An increasing number of Norwegian locals are gambling the answer to that question is yes.
Try reading a small local newspaper such as Hallingdölen , or a regional such Faedrelandsvennen, online and you will hit the paywall for most articles, save those on major news events, the traffic or those originating from newswires. At Norwegian local Möre-Nytt you have to pay if you want to read more than five articles.
Other local newspapers, such as several of those owned by Edda Media, a group in the process of being acquired by A-pressen from Mecom, are introducing so-called "plus models", where readers have to pay to access the "plus" area, which typically offers more features and in-depth articles, of the paper’s digital offering.
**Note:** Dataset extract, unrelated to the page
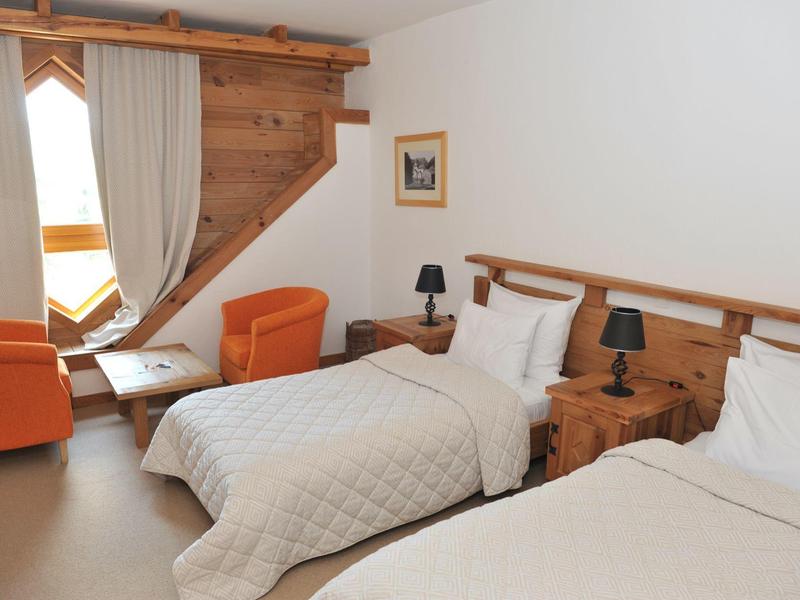 Hotelkamer met twee eenpersoonsbedden, houten meubels en oranje fauteuils bij het raam.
This is a model which Schibsted-owned tabloid Aftonbladet has been very successful with in Sweden. Aftonbladet however, is a national which boasts around 2.5 million readers on average each day. How come local newspapers have the audacity to attempt introducing a model pioneered by a market leader?
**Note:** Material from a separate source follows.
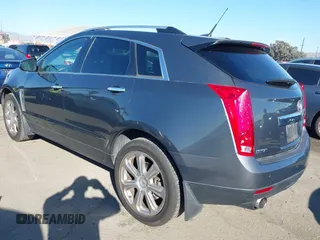 2013 Cadillac SRX Premium Collection z VIN 3GYFNEE37DS525612, wystawiony jako IAAI lot #41344221 z przebiegiem 119 573 mil mil oraz . Historia ofert i sprzedaży dostępna na DreamBid. Obrazek 3.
The answer is partly to be found in local newspapers’ unique position in Norway.
Despite suffering major cost cuts over the last few years, Norwegian local and regional newspapers can still boast a fairly strong market position compared to similar newspapers in other countries.
While the decline in print circulation is dramatic for Norwegian national tabloids such as VG and Dagbladet, local and regional newspapers on average only saw a 2 to 3 per cent decline in print circulation last year.
Still, there is ample cause for worry, among them how the subscriber base for many such papers both seem to be dwindling and getting older.
"I thought it was a lot scarier to sit on the fence and do nothing, than to test a new payment model," said Faedrelandsvennen’s editor-in-chief Eivind Ljöstad.I thought it was a lot scarier to sit on the fence and do nothing, than to test a new payment modelEivind Ljöstad, editor-in-chief, Faedrelandsvennen
"We have been in a difficult situation for a long time. We lost more and more print subscribers every year".
In May the newspaper launched its new digital first strategy at the same time as it was introducing a paywall.
With the new model, subscribers get access to all content regardless of platform, and all content is published online first but only accessible to subscribers unless it is of a very generic nature.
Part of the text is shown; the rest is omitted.